→ **Records for the task**:
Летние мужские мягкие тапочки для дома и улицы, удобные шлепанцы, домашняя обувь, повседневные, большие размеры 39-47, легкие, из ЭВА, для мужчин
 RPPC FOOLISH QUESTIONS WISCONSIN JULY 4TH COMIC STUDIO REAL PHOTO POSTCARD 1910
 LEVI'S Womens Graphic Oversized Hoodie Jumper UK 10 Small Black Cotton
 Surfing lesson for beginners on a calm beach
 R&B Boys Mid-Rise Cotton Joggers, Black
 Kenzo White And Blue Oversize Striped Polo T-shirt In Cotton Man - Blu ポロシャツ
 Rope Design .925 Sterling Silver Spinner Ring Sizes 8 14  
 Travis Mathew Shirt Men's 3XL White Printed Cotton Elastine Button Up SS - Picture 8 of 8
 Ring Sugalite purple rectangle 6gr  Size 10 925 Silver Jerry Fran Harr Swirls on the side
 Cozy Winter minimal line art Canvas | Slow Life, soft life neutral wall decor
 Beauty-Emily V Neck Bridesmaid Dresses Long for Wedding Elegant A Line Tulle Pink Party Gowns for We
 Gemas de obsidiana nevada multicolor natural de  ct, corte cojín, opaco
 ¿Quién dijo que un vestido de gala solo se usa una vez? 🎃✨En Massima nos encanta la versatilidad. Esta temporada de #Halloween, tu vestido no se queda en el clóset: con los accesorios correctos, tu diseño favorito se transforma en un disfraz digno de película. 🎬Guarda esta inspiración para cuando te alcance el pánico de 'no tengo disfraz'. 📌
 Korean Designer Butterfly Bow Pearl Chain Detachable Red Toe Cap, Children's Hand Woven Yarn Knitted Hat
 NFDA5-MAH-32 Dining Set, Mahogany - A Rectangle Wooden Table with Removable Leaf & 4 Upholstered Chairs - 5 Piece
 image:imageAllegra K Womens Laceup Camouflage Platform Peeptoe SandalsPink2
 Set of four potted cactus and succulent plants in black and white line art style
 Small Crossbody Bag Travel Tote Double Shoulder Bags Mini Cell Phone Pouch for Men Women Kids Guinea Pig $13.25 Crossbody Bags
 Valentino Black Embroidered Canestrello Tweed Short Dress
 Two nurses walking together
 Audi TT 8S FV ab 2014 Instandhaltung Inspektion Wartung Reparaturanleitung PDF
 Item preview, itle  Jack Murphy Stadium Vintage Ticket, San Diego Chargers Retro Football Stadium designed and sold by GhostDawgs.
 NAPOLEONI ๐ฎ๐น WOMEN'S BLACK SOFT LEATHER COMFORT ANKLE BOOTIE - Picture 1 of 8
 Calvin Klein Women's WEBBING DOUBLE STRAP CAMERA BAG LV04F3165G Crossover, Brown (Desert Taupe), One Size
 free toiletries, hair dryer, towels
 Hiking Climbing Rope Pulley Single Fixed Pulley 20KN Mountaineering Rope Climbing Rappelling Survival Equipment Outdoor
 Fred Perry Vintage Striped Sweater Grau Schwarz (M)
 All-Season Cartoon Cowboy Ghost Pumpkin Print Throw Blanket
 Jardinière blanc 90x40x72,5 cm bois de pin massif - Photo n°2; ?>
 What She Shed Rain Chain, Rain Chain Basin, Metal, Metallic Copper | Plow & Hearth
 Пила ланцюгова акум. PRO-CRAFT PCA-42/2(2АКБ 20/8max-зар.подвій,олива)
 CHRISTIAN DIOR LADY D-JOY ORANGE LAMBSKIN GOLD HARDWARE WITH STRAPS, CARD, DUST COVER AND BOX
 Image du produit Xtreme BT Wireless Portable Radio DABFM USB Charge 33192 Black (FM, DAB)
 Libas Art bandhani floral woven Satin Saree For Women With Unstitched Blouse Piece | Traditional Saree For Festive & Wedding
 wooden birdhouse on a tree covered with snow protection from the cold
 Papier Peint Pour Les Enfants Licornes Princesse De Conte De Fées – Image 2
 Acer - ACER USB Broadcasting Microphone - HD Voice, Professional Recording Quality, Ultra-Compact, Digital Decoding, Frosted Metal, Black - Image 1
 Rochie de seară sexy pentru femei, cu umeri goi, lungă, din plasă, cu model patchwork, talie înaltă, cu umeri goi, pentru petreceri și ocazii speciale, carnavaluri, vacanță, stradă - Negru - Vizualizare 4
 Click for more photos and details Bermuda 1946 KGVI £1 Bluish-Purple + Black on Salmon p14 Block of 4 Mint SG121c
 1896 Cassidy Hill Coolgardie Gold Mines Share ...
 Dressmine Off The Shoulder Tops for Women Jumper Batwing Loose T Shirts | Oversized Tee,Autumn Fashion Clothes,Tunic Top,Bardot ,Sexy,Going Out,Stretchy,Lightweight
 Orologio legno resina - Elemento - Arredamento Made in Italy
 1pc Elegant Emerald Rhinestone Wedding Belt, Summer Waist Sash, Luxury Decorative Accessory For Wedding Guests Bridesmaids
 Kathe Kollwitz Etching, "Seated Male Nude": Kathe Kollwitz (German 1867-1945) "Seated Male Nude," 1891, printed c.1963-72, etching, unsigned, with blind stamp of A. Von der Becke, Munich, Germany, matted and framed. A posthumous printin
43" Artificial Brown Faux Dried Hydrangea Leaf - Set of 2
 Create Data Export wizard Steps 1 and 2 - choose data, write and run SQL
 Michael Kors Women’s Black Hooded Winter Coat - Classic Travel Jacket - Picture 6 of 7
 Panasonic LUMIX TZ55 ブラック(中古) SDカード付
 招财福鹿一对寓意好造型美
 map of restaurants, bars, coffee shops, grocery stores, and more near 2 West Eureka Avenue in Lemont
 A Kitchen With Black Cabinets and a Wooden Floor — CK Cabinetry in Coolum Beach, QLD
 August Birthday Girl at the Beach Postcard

→ **What you should do**: Within the data, how many lines hold the word "Vintage"? State only that number.

→ **Exercise answer**: 2